We can: linear regression
In W1 Video (4:13) “Gradient descent for linear regression” we know the the gradients are
\frac{\partial{J}}{\partial{w}} = \frac{1}{m} \sum_{i=1}^{m}{(wx^{(i)}+b-y^{(i)})x^{(i)}}
\frac{\partial{J}}{\partial{b}} = \frac{1}{m} \sum_{i=1}^{m}{(wx^{(i)}+b-y^{(i)})}
And putting them zero as you said, we can rewrite them as
\frac{1}{m} (S_{xx}w+S_xb-S_{xy}) = 0
\frac{1}{m} (S_xw + mb - S_y) = 0
or
S_{xx}w+S_xb= S_{xy}
S_xw + mb = S_y
where S_{xx} = \sum_{i=1}^{m}{x^{(i)}x^{(i)}}, S_{xy} = \sum_{i=1}^{m}{x^{(i)}y^{(i)}}, S_{x} = \sum_{i=1}^{m}{x^{(i)}}, S_{y} = \sum_{i=1}^{m}{y^{(i)}}
We can then solve w and b with the last 2 equations thanks to the fact that both w and b can be taken out of the summation sign as common factors.
w = \frac{S_{xy} - \frac{S_xS_y}{m}}{S_{xx}-\frac{S_xS_x}{m}}
b = \frac{S_y-wS_x}{m}
@tharunnayak14 shared the matrix version of the same solution, and embedded both w and b inside \hat\theta.
We (almost always) can’t: logistic regression
In W3 video you can see that the gradients are
\frac{\partial{J}}{\partial{w}} = \frac{1}{m} \sum_{i=1}^{m}{( \frac{1}{1+ \exp(-wx^{(i)}-b)}-y^{(i)})x^{(i)}}
\frac{\partial{J}}{\partial{b}} = \frac{1}{m} \sum_{i=1}^{m}{(\frac{1}{1+ \exp(-wx^{(i)}-b)}-y^{(i)})}
Again, putting them zeros,
\sum_{i=1}^{m}{ \frac{x^{(i)}}{1+ \exp(-wx^{(i)}-b)}}-S_{xy} = 0
\sum_{i=1}^{m}{ \frac{1}{1+ \exp(-wx^{(i)}-b)}}-S_{y} = 0
This time, however, b and w can’t be taken outside of the summation sign as common factors, which makes it very challenging to analytically find the solution for w and b. I have tried to do this with m=2 (only 2 data samples) myself and if my maths is not wrong, my solution is
w = - \frac{\ln(\frac{1}{y^{(1)}}-1) - \ln(\frac{1}{y^{(2)}}-1)}{x^{(1)} - x^{(2)}}
b = -\ln(\frac{1}{y^{(1)}}-1) - wx^{(1)}
However, as m grows, it will be very difficult.
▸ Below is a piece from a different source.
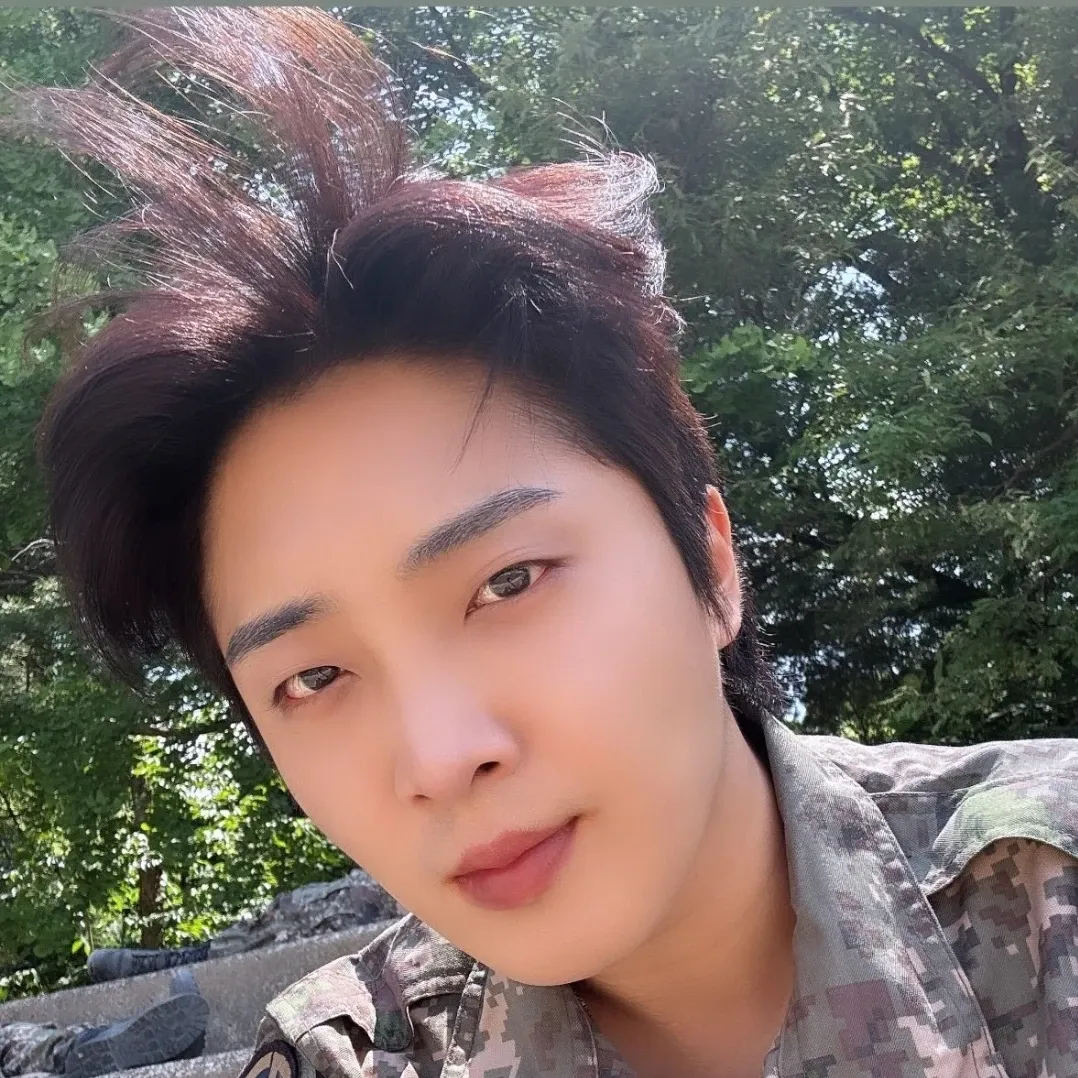 Latest photo of Hwang Yunsung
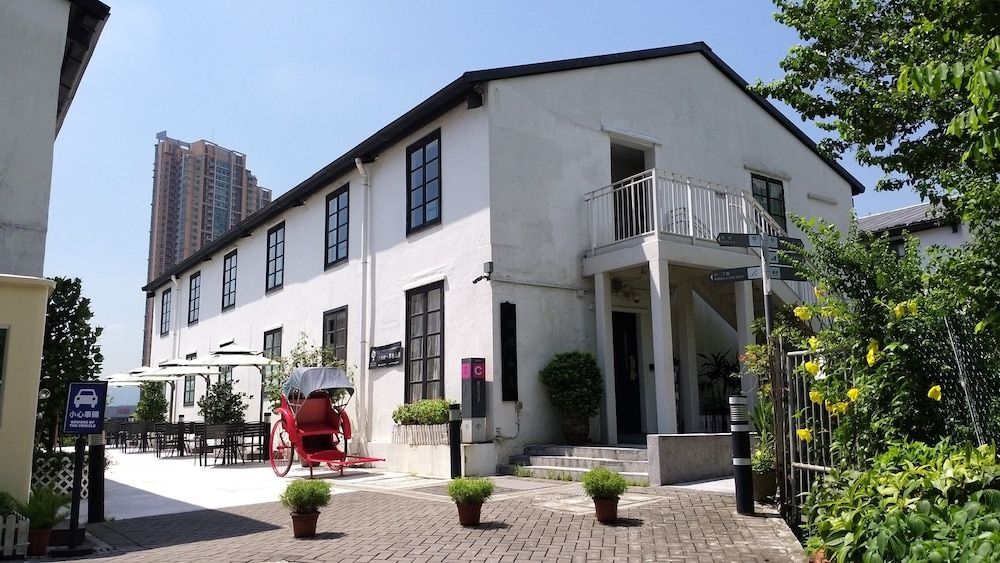 undefined Heritage Lodge 6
I have written down my solution for m=2, but the point is, if there is no general form for the solution of w and b for all values of m, we can’t solve logistic regression like the way we can for linear regression.
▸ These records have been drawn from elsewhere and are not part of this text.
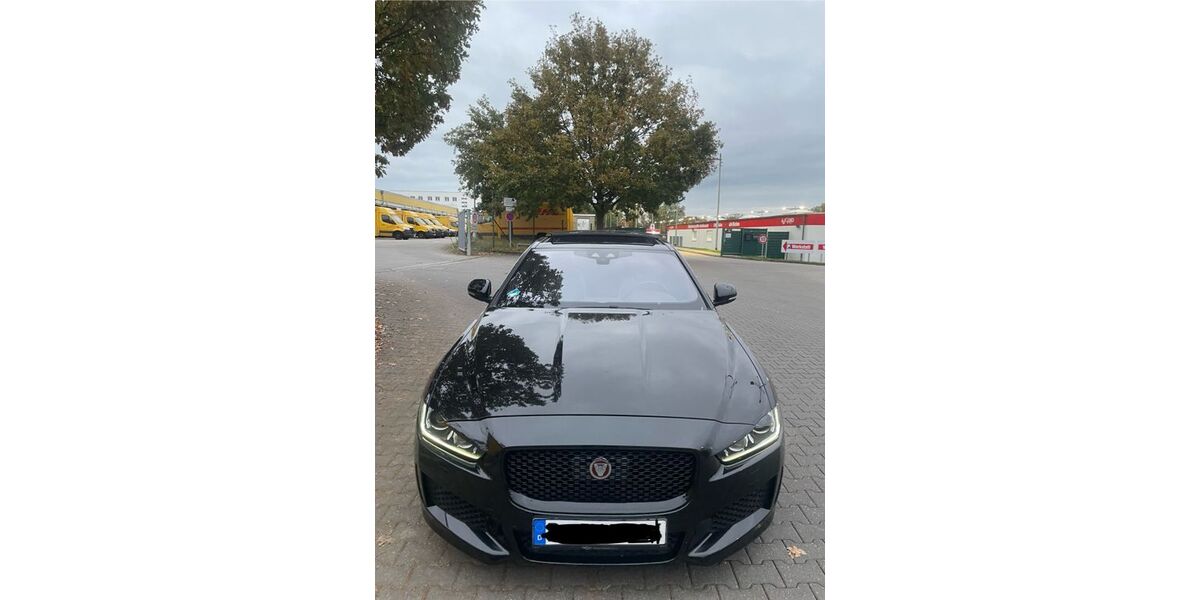 Jaguar XE 57.900 km 19.399 &euro; Berlin 14197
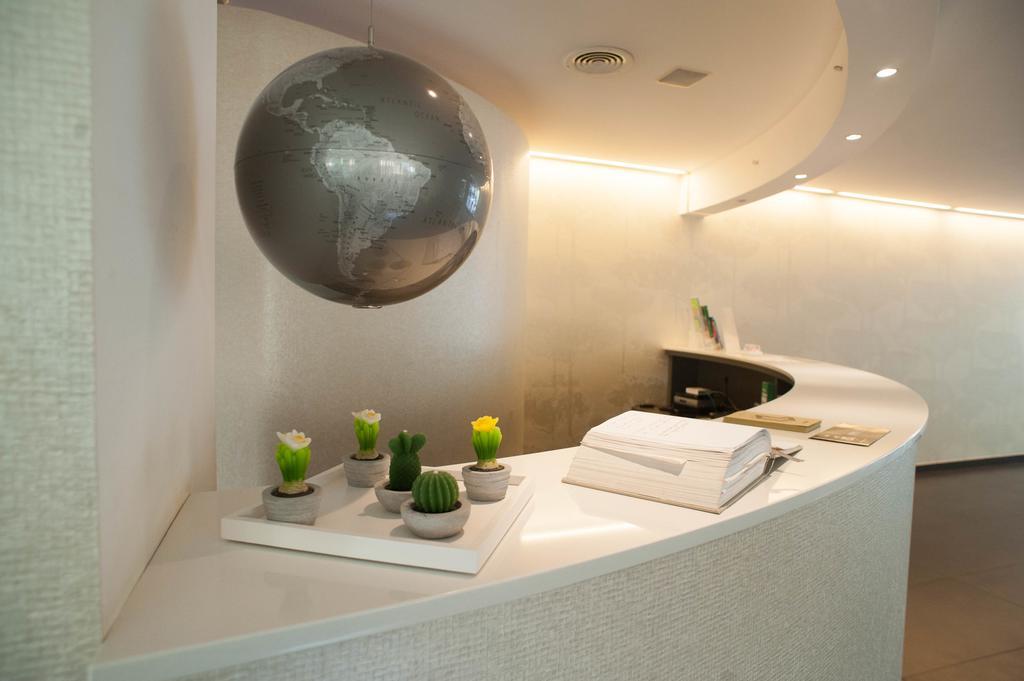 Ferrohotel Μόντικα Εξωτερικό φωτογραφία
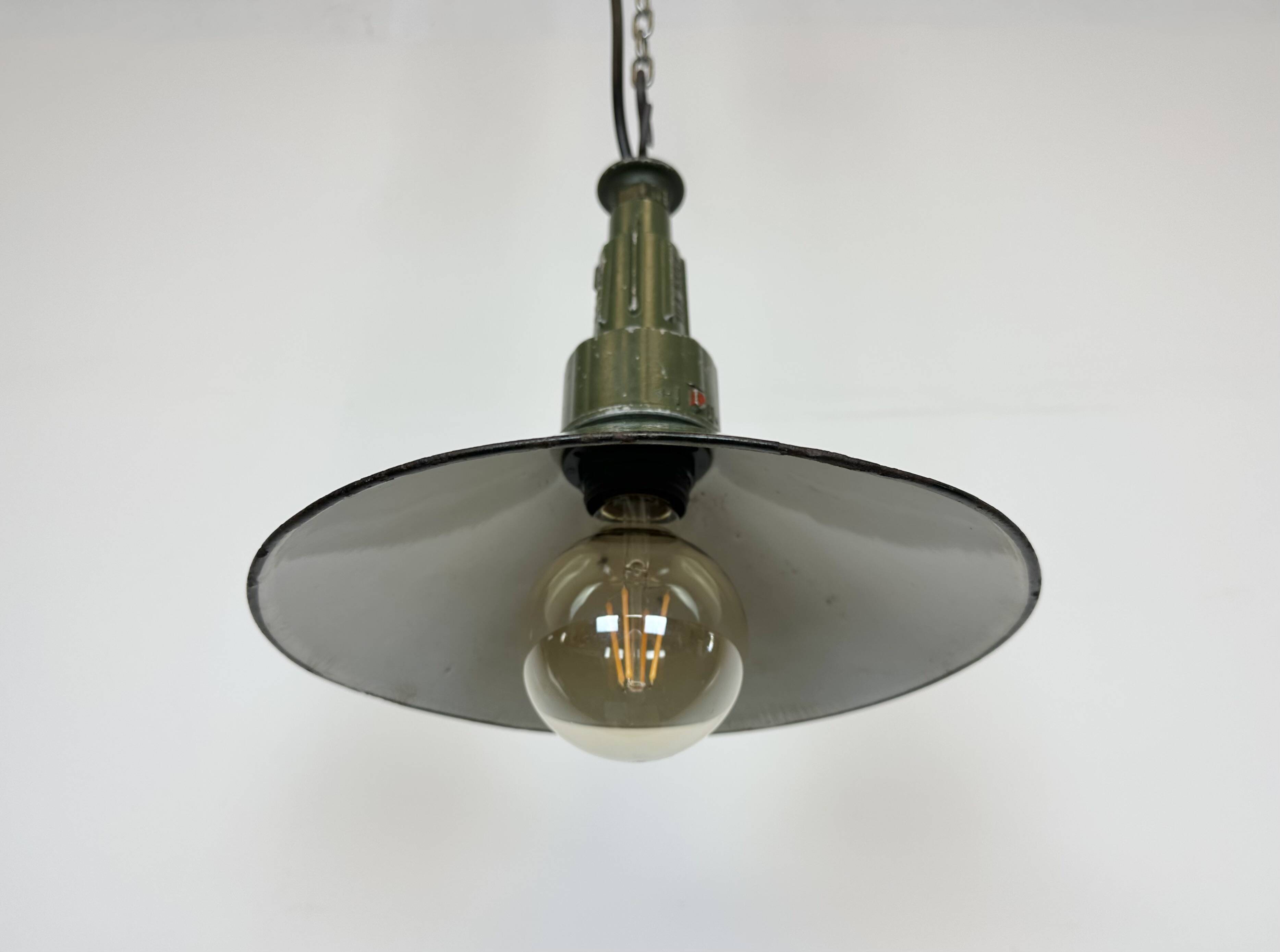 Industrial green enamel military pendant lamp with cast aluminium top, 1960s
This paper finds a analytical solution for logistic regression with the condition that all predictors (meaning all the x's) are categorical variables, but I have never seen an analytical solution that is generally for continuous x's.
Lastly, when there is no analytical solution, we can go to numerical solution which is what gradient descent belongs to.